[PATCH -next v3 00/25] md: synchronize io with array reconfiguration

From: Yu Kuai
Date: Thu Sep 28 2023 - 02:22:06 EST


From: Yu Kuai <yukuai3@xxxxxxxxxx>

Changes in v3:
- rebase with latest md-next;
- remove patch 2 from v2, and replace it with a new patch;
- fix a null-ptr-derefrence in rdev_attr_store() that mddev is used
before checking;
- merge patch 20-22 from v1 into one patch;
- mddev_lock() used to be called first and can be interruptted, allow new
api, which is called before mddev_lock() now, to be interruptted as well;
- improve some comments and coding;

Changes in v2:
- rebase with latest md-next;
- remove some follow up cleanup patches, these patches will be sent
later after this patchset.

After previous four patchset of preparatory work, this patchset impelement
a new version of mddev_suspend(), the new apis:
- reconfig_mutex is not required;
- the weird logical that suspend array hold 'reconfig_mutex' for
mddev_check_recovery() to update superblock is not needed;
- the special handling, 'pers->prepare_suspend', for raid456 is not
needed;
- It's safe to be called at any time once mddev is allocated, and it's
designed to be used from slow path where array configuration is changed;

And use the new api to replace:

mddev_lock
mddev_suspend or not
// array reconfiguration
mddev_resume or not
mddev_unlock

With:

mddev_suspend
mddev_lock
// array reconfiguration
mddev_unlock
mddev_resume

However, the above change is not possible for raid5 and raid-cluster in
some corner cases, and mddev_suspend/resume() is replaced with quiesce()
callback, which will suspend the array as well.
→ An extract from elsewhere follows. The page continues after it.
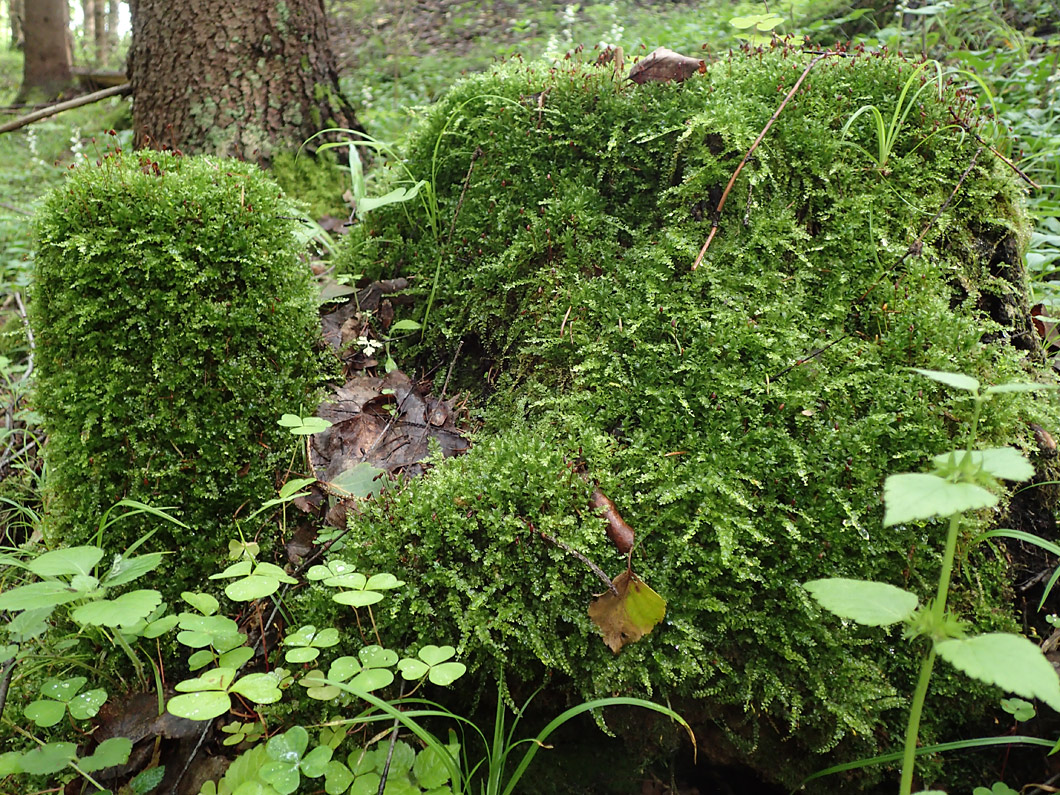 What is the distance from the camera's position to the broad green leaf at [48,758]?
1.40 metres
This patchset is tested in my VM with mdadm testsuite with loop device
except for 10ddf tests(they always fail before this patchset).

A lot of cleanups will be started after this patchset.

Yu Kuai (25):
md: use READ_ONCE/WRITE_ONCE for 'suspend_lo' and 'suspend_hi'
md: replace is_md_suspended() with 'mddev->suspended' in
md_check_recovery()
md: add new helpers to suspend/resume array
md: add new helpers to suspend/resume and lock/unlock array
md: use new apis to suspend array for suspend_lo/hi_store()
md: use new apis to suspend array for level_store()
md: use new apis to suspend array for serialize_policy_store()
md/dm-raid: use new apis to suspend array
md/md-bitmap: use new apis to suspend array for location_store()
md/raid5-cache: use READ_ONCE/WRITE_ONCE for 'conf->log'
md/raid5-cache: use new apis to suspend array for
r5c_disable_writeback_async()
md/raid5-cache: use new apis to suspend array for
r5c_journal_mode_store()
md/raid5: use new apis to suspend array for raid5_store_stripe_size()
md/raid5: use new apis to suspend array for raid5_store_skip_copy()
md/raid5: use new apis to suspend array for
raid5_store_group_thread_cnt()
md/raid5: use new apis to suspend array for
raid5_change_consistency_policy()
md/raid5: replace suspend with quiesce() callback
md: use new apis to suspend array for ioctls involed array
reconfiguration
md: use new apis to suspend array for adding/removing rdev from
state_store()
md: use new apis to suspend array before
mddev_create/destroy_serial_pool
md: cleanup mddev_create/destroy_serial_pool()
md/md-linear: cleanup linear_add()
md: suspend array in md_start_sync() if array need reconfiguration
md: remove old apis to suspend the array
md: rename __mddev_suspend/resume() back to mddev_suspend/resume()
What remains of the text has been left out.